SPEAKER_02Yeah, there's I mean, there's entire therapies around that. There's literally a therapy called solution-focused therapy. Where as therapists, we, what's a problem, what's a solution? Let's come up and it's more kind of coaching style of how do we create solutions. And sometimes it's it's gendered, sometimes it's men are more likely to find solutions for problems as opposed to when women are talking, they just want validation or they just want to be heard. They don't want a solution. But in my therapy as a therapist, it becomes a combination because people will come to therapy and will want to work on here's my issue. I want to understand where it comes from, what I can do about it. But the what I can do about it comes, but it comes a little, it takes a lot longer to get there because first we need to dig deep and we need to be explorers together and we need to build and resource you with tools so that you can handle the distressing stuff that you might find. And then when we find it, then we can figure out okay, how do I tend to this sensation, to this part of me, to this feeling? And that ends up being the solution, but it's lifelong work. It's not just a I do it once and it's done.

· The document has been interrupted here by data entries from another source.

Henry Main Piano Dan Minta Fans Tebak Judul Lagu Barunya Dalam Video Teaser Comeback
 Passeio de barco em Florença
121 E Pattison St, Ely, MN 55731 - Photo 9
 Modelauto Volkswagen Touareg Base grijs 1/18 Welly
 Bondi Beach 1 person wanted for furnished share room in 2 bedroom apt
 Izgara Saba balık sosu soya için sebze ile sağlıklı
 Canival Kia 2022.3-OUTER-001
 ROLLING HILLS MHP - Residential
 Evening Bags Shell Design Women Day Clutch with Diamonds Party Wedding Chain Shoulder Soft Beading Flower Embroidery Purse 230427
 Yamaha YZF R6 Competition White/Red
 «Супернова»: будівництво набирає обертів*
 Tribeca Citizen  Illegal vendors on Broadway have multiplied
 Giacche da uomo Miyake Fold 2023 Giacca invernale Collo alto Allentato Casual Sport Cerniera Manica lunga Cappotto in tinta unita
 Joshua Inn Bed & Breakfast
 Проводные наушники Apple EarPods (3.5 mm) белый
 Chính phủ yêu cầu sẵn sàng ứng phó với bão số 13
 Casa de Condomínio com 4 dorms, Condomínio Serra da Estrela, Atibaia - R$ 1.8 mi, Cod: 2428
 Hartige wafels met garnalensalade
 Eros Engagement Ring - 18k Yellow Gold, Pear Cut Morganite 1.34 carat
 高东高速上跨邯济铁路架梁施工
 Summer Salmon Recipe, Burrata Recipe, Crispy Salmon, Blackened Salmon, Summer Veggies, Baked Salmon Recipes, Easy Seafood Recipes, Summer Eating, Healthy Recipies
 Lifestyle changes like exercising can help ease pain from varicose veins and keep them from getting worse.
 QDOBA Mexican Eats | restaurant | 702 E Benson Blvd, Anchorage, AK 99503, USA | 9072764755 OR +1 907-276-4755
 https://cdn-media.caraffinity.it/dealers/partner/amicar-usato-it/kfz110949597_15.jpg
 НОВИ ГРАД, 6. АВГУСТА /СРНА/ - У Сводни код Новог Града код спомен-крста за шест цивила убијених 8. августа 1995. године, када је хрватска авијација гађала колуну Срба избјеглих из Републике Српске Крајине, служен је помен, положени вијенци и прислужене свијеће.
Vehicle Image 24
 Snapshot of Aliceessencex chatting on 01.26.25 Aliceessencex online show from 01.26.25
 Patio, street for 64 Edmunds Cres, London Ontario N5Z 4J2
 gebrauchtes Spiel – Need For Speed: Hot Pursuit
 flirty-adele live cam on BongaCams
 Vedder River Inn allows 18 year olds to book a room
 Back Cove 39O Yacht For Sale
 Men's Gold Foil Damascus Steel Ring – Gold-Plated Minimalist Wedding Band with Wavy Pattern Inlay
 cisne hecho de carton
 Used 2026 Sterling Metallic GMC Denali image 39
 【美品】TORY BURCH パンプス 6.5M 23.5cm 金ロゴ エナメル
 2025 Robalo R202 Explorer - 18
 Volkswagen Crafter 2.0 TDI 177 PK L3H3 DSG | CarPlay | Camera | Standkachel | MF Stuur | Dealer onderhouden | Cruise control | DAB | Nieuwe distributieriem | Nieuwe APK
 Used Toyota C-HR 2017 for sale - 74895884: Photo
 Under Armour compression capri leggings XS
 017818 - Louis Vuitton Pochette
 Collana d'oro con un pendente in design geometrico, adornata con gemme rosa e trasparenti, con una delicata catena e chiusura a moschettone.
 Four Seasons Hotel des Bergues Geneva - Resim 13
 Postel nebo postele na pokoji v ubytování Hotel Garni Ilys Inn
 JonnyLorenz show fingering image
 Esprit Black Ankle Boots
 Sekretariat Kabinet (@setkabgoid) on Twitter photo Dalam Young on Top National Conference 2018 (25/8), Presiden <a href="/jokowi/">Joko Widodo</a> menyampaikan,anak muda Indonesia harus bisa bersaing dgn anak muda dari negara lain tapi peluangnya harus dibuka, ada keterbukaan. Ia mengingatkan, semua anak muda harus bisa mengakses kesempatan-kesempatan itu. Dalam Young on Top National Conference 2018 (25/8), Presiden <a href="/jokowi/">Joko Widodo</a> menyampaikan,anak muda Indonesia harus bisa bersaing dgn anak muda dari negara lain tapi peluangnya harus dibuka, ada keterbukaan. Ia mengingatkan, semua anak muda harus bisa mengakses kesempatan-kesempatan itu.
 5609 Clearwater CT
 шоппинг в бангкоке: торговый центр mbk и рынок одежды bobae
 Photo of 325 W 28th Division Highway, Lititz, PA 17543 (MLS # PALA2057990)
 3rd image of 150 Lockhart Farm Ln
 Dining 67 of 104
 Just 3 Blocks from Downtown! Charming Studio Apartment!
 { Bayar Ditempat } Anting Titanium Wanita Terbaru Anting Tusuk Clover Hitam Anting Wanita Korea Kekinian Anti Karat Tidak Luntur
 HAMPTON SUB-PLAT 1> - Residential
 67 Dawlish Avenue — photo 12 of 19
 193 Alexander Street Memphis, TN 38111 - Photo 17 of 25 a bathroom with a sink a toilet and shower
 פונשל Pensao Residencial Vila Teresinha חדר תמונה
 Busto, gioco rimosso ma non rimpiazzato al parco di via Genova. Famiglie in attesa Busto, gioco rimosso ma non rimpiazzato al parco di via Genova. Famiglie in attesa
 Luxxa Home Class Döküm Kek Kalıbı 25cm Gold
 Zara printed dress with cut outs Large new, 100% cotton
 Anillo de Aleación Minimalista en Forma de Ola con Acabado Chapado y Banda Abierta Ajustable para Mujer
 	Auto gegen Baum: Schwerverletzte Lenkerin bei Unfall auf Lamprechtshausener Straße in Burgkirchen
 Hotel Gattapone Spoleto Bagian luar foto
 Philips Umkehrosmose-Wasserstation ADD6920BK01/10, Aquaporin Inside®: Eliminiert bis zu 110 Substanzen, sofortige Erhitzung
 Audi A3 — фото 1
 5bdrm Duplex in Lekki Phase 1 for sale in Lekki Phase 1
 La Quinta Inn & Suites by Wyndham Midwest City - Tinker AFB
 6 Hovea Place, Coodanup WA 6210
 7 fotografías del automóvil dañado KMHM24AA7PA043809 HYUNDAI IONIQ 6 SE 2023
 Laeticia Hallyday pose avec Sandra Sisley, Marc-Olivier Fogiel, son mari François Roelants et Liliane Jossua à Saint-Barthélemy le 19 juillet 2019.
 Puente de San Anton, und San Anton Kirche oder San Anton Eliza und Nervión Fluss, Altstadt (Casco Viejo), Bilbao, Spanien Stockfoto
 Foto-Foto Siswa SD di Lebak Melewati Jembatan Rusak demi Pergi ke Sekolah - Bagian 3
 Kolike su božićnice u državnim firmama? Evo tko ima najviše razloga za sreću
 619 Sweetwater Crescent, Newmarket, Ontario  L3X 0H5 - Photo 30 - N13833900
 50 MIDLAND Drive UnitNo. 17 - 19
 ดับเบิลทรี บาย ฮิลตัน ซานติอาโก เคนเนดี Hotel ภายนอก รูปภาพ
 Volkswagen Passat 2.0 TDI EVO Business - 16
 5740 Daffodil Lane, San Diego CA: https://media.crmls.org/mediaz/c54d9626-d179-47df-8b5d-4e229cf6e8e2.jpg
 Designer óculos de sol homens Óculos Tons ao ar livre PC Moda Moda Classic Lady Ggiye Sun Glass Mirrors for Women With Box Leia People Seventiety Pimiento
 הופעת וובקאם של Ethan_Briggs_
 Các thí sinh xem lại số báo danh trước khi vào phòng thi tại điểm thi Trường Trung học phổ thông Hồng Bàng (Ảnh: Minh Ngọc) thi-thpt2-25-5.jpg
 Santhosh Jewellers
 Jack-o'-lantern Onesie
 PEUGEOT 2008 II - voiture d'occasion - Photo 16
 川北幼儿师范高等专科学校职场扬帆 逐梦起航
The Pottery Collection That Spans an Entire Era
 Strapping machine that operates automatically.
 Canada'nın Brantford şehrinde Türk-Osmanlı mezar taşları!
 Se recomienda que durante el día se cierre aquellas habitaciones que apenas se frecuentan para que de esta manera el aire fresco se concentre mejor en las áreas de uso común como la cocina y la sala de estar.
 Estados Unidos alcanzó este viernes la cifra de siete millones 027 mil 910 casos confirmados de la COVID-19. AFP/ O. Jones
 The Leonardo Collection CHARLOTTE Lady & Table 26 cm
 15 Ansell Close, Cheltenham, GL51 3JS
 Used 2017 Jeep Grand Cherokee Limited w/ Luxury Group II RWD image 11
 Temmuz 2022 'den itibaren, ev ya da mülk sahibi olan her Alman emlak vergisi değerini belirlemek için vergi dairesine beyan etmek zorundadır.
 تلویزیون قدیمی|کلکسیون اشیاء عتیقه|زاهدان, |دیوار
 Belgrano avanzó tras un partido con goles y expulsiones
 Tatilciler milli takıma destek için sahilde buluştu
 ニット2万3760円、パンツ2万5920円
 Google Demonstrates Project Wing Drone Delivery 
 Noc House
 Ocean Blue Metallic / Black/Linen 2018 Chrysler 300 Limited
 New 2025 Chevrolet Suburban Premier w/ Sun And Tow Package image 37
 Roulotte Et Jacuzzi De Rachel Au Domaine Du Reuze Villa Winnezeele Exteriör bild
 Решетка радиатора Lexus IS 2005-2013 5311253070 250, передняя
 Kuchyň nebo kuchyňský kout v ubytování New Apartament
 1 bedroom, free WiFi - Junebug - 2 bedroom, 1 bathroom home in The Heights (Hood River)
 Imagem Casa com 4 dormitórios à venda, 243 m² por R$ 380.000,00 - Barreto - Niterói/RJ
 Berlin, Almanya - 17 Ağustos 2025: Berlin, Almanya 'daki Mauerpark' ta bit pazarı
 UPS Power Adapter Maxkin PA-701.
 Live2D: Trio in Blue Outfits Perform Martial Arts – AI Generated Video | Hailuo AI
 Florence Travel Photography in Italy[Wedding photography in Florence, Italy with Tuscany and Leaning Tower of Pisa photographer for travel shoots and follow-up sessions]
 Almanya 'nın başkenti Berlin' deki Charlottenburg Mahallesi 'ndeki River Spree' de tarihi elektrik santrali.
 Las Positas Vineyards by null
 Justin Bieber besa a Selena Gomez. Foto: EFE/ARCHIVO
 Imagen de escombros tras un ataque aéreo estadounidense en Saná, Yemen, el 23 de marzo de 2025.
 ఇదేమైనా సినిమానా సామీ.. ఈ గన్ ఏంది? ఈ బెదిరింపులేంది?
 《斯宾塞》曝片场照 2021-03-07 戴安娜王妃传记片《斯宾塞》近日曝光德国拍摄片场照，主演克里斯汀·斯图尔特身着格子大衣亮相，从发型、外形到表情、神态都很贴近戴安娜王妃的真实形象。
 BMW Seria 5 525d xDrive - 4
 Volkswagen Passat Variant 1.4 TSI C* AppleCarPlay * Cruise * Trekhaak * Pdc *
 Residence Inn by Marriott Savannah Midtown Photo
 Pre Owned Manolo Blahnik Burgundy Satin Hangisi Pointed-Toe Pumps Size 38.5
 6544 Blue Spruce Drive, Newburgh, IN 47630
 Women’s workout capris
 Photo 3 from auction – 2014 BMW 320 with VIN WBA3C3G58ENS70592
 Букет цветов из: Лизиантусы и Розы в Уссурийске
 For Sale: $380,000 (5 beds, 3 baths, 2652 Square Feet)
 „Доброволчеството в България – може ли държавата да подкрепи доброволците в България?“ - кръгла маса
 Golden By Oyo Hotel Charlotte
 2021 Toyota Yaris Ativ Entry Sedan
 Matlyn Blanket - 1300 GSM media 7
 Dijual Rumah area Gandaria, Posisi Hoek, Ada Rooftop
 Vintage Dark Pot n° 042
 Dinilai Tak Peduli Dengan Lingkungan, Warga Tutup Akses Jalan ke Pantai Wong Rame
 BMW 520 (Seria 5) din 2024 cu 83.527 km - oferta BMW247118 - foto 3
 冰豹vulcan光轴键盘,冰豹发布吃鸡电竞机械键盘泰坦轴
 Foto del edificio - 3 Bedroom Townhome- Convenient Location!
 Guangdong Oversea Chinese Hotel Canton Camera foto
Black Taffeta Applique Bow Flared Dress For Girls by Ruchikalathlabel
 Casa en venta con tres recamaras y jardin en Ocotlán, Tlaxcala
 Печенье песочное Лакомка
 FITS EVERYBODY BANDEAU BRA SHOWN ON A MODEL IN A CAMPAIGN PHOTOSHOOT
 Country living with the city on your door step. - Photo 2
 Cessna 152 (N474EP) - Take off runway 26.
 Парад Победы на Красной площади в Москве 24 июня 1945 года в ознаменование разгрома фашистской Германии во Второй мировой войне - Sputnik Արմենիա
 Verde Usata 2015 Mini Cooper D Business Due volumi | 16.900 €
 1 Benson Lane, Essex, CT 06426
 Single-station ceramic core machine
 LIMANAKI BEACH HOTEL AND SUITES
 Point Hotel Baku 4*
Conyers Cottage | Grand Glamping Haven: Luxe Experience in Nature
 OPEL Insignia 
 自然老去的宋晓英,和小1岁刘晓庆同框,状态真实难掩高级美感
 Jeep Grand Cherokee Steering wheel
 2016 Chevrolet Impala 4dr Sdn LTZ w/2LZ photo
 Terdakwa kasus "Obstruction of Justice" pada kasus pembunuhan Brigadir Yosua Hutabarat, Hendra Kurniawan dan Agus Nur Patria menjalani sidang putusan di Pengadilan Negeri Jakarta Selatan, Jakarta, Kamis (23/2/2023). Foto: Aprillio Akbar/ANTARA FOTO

SPEAKER_00Yeah. Which I would love if it was that simple. You know, I figure out why I feel away once and then I never deal with it again. Sadly, that's not how anything seems to work.
SPEAKER_01I know. It sucks. We have to keep working on ourselves.
SPEAKER_00What made you like what started your journey with like exploring like nervous system stuff? Because to me, that's all like nervous system stuff, how you're responding to stuff when you get put into fight, flight, fawn, or freeze mode, all that good stuff. What made you get started on like exploring that aspect of mental health?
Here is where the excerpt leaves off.